Task inputs:
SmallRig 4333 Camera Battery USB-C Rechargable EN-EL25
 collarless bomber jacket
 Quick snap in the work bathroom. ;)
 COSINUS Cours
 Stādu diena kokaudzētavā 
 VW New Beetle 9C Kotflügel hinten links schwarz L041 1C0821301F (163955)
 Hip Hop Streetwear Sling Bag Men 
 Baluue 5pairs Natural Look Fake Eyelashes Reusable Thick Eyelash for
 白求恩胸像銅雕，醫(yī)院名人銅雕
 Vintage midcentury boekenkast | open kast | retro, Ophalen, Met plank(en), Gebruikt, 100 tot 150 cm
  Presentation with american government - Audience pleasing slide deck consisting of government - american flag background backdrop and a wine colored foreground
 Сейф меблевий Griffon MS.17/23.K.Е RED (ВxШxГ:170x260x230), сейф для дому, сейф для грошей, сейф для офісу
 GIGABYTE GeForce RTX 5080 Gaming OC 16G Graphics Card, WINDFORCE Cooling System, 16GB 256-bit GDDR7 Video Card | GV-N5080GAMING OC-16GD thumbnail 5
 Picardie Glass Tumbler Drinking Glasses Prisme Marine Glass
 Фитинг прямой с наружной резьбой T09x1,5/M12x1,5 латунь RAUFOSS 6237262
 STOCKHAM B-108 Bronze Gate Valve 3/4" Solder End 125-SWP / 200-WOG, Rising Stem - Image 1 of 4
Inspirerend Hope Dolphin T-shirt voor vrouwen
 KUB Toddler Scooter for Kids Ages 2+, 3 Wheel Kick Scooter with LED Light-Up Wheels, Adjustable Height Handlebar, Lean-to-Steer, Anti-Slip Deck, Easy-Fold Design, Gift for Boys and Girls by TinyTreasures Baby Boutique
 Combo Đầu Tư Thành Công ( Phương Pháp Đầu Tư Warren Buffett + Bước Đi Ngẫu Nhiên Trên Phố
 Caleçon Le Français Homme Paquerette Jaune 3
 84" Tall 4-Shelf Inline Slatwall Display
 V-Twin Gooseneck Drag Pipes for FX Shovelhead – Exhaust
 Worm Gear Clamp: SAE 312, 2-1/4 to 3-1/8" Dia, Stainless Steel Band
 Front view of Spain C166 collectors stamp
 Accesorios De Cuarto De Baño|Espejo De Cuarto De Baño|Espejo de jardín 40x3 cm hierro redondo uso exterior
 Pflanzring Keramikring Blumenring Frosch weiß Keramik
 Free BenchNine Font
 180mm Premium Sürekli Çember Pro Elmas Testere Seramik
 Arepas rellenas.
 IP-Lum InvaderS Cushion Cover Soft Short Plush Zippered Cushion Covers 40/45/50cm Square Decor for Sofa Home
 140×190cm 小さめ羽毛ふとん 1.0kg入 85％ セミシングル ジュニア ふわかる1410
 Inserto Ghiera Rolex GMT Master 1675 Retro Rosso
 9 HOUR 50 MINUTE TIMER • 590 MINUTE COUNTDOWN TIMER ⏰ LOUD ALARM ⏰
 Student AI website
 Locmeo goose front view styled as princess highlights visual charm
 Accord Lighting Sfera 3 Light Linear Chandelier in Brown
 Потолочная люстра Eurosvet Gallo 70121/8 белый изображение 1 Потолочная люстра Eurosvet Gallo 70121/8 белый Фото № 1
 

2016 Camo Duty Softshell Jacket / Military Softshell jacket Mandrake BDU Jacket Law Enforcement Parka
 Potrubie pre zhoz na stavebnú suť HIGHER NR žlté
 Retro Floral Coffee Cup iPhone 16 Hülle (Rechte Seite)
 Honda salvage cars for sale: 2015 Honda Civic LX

About this task: Look above for the line with "Presentation with american" and the line with "Inserto Ghiera Rolex"; transcribe both and all lines in between, exactly, and nothing else.

Task answer:
  Presentation with american government - Audience pleasing slide deck consisting of government - american flag background backdrop and a wine colored foreground
 Сейф меблевий Griffon MS.17/23.K.Е RED (ВxШxГ:170x260x230), сейф для дому, сейф для грошей, сейф для офісу
 GIGABYTE GeForce RTX 5080 Gaming OC 16G Graphics Card, WINDFORCE Cooling System, 16GB 256-bit GDDR7 Video Card | GV-N5080GAMING OC-16GD thumbnail 5
 Picardie Glass Tumbler Drinking Glasses Prisme Marine Glass
 Фитинг прямой с наружной резьбой T09x1,5/M12x1,5 латунь RAUFOSS 6237262
 STOCKHAM B-108 Bronze Gate Valve 3/4" Solder End 125-SWP / 200-WOG, Rising Stem - Image 1 of 4
Inspirerend Hope Dolphin T-shirt voor vrouwen
 KUB Toddler Scooter for Kids Ages 2+, 3 Wheel Kick Scooter with LED Light-Up Wheels, Adjustable Height Handlebar, Lean-to-Steer, Anti-Slip Deck, Easy-Fold Design, Gift for Boys and Girls by TinyTreasures Baby Boutique
 Combo Đầu Tư Thành Công ( Phương Pháp Đầu Tư Warren Buffett + Bước Đi Ngẫu Nhiên Trên Phố
 Caleçon Le Français Homme Paquerette Jaune 3
 84" Tall 4-Shelf Inline Slatwall Display
 V-Twin Gooseneck Drag Pipes for FX Shovelhead – Exhaust
 Worm Gear Clamp: SAE 312, 2-1/4 to 3-1/8" Dia, Stainless Steel Band
 Front view of Spain C166 collectors stamp
 Accesorios De Cuarto De Baño|Espejo De Cuarto De Baño|Espejo de jardín 40x3 cm hierro redondo uso exterior
 Pflanzring Keramikring Blumenring Frosch weiß Keramik
 Free BenchNine Font
 180mm Premium Sürekli Çember Pro Elmas Testere Seramik
 Arepas rellenas.
 IP-Lum InvaderS Cushion Cover Soft Short Plush Zippered Cushion Covers 40/45/50cm Square Decor for Sofa Home
 140×190cm 小さめ羽毛ふとん 1.0kg入 85％ セミシングル ジュニア ふわかる1410
 Inserto Ghiera Rolex GMT Master 1675 Retro Rosso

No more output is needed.